The Supreme Court affirmed the trial court’s dismissal. In his opinion, Justice Lyons reasoned that the defendants were not required to report Marks under Ala. Code § 26-14-3 (mandatory reporting of suspected sexual abuse), because they were not “called upon to render aid or medical assistance to any child.” However, the defendants were permitted to report the suspected sexual abuse pursuant to Ala. Code § 26-14-4 (voluntary reporting of suspected sexual abuse) and therefore protected from liability by Ala. Code § 26-14-9 (immunity from liability) as long as they made the report in good faith.

Marks also argued that the psychotherapist-patient privilege extended by Ala. Code § 26-14-9 effectively “trumps” the immunity provided by § 26-14-9. Pointing out that the legislature enacted the immunity provisions of § 26-14-9 after it had enacted the psychotherapist-patient privilege in § 26-14-9, the Supreme Court said that the legislature had impliedly repealed the psychotherapist-patient privilege to the extent it conflicted with the grant of immunity.
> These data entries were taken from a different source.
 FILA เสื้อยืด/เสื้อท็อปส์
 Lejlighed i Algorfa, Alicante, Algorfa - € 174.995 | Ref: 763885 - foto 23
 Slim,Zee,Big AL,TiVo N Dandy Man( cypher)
The last expression of legislative will is § 26-14-9, which confers immunity to persons who make good-faith reports of child abuse pursuant to Chapter 14. Section 26-14-4, which provides for permissive reporting of suspected child abuse, applies to “any person” making such a report. This latter act, § 26-14-9, impliedly repeals anything to the contrary in the earlier enacted § 34-26-2, which recognizes a psychotherapist-patient privilege. The rule that implied repeal is disfavored when the earlier act is specific and the subsequent act is general does not apply here. Chapter 14, entitled “Reporting of Child Abuse or Neglect,” is not a general or broad act that cannot impliedly repeal an earlier specific act.

In his dissent, Justice Parker agreed that the immunity provision applied to Pope and agreed with the dismissal as to her. However, he disagreed with the majority’s conclusion that the legislature had impliedly repealed the psychotherapist-patient privilege and therefore dissented to the dismissal as to Tenbrunsel.
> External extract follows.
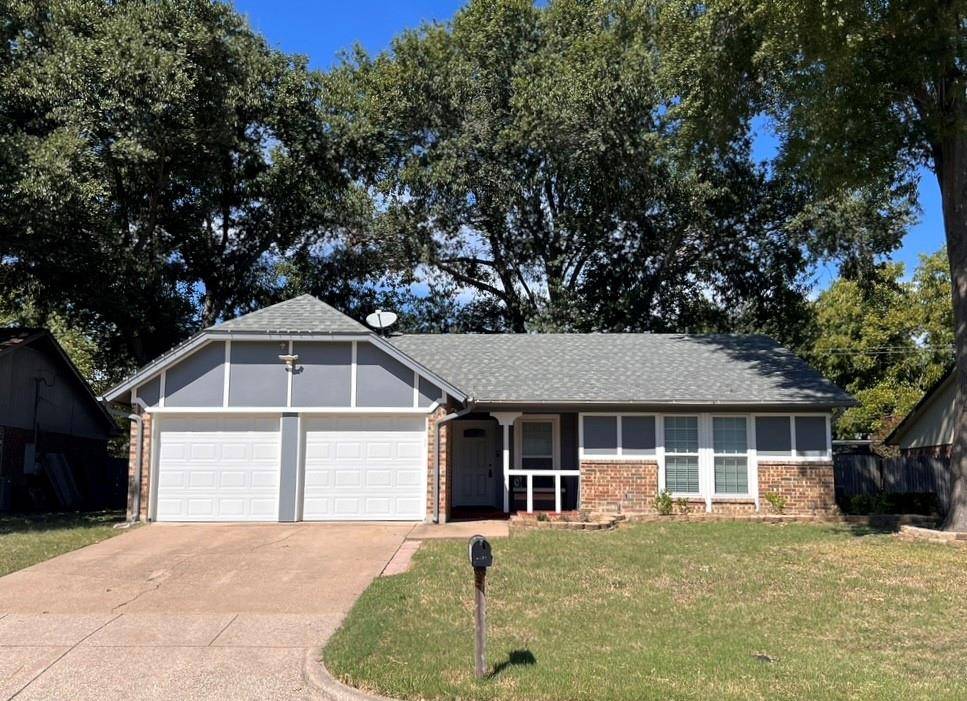 Arlington, TX 76017,4103 Westwind Drive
For mental health professionals, this is an important clarification, and the news is basically good. If you are called on to render aid to a child and you know or suspect the child to be a victim of child abuse or neglect, you must report it.

On the other hand, if you discover that abuse or neglect is occurring and are not providing aid or assistance to a child, you need not report it but may in your discretion elect to report it voluntarily, even if you are in a confidential relationship with the suspected perpetrator of the abuse. In either case, if you report suspected child abuse or neglect, your reporting will continue to be covered by the grant of immunity in Ala. Code § 26-14-9.

The downside of this ruling is the chilling effect it will have on communications between the mental health professional and his or her client. If there ever was an expectation of confidentiality for communications about child abuse, it’s gone now. If your client seems about to share with you information that might not be subject to the privilege, you may want to stop them before they do and make sure they understand the ramifications of what they’re about to tell you.